BEGIN
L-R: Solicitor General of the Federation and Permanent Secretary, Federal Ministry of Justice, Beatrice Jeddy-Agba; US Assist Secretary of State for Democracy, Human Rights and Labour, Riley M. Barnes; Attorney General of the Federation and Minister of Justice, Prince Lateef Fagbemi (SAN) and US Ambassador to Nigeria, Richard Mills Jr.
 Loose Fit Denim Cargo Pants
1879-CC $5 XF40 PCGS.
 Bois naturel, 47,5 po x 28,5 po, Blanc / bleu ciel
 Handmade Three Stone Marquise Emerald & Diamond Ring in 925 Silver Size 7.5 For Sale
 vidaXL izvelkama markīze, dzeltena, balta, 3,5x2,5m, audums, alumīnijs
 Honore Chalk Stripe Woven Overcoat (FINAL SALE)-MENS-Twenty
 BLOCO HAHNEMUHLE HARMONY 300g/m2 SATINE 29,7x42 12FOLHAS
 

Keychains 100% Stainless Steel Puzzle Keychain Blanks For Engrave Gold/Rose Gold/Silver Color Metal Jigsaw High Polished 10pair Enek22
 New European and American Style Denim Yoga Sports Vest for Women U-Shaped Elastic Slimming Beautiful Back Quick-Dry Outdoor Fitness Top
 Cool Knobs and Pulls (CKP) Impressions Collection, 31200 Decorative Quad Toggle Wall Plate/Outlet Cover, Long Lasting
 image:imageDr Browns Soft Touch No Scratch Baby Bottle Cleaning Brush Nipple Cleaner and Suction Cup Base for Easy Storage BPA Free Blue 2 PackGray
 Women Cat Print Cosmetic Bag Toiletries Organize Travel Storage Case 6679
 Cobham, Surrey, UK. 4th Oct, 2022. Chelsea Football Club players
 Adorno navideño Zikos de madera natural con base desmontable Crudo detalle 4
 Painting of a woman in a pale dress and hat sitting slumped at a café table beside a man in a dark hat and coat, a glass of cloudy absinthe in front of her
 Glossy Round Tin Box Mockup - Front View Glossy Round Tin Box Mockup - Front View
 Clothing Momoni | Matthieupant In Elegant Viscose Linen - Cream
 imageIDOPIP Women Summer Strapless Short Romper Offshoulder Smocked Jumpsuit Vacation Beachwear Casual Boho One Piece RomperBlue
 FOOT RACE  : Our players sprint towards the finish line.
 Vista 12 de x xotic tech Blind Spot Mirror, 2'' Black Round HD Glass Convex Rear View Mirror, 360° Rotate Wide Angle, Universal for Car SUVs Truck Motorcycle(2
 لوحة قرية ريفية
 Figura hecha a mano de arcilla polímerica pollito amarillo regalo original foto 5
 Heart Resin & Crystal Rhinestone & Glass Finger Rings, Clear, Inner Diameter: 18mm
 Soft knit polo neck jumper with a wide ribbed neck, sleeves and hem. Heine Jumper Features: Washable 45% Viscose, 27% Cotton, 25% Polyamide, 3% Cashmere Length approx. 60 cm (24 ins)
END
- _TASK REQUIREMENTS_:
With the first line being the one containing "Honore Chalk Stripe" and the last line the one containing "لوحة قرية ريفية", transcribe exactly the lines above that fall in that range.

- _SOLUTION TO THIS TASK_:
 Honore Chalk Stripe Woven Overcoat (FINAL SALE)-MENS-Twenty
 BLOCO HAHNEMUHLE HARMONY 300g/m2 SATINE 29,7x42 12FOLHAS
 

Keychains 100% Stainless Steel Puzzle Keychain Blanks For Engrave Gold/Rose Gold/Silver Color Metal Jigsaw High Polished 10pair Enek22
 New European and American Style Denim Yoga Sports Vest for Women U-Shaped Elastic Slimming Beautiful Back Quick-Dry Outdoor Fitness Top
 Cool Knobs and Pulls (CKP) Impressions Collection, 31200 Decorative Quad Toggle Wall Plate/Outlet Cover, Long Lasting
 image:imageDr Browns Soft Touch No Scratch Baby Bottle Cleaning Brush Nipple Cleaner and Suction Cup Base for Easy Storage BPA Free Blue 2 PackGray
 Women Cat Print Cosmetic Bag Toiletries Organize Travel Storage Case 6679
 Cobham, Surrey, UK. 4th Oct, 2022. Chelsea Football Club players
 Adorno navideño Zikos de madera natural con base desmontable Crudo detalle 4
 Painting of a woman in a pale dress and hat sitting slumped at a café table beside a man in a dark hat and coat, a glass of cloudy absinthe in front of her
 Glossy Round Tin Box Mockup - Front View Glossy Round Tin Box Mockup - Front View
 Clothing Momoni | Matthieupant In Elegant Viscose Linen - Cream
 imageIDOPIP Women Summer Strapless Short Romper Offshoulder Smocked Jumpsuit Vacation Beachwear Casual Boho One Piece RomperBlue
 FOOT RACE  : Our players sprint towards the finish line.
 Vista 12 de x xotic tech Blind Spot Mirror, 2'' Black Round HD Glass Convex Rear View Mirror, 360° Rotate Wide Angle, Universal for Car SUVs Truck Motorcycle(2
 لوحة قرية ريفية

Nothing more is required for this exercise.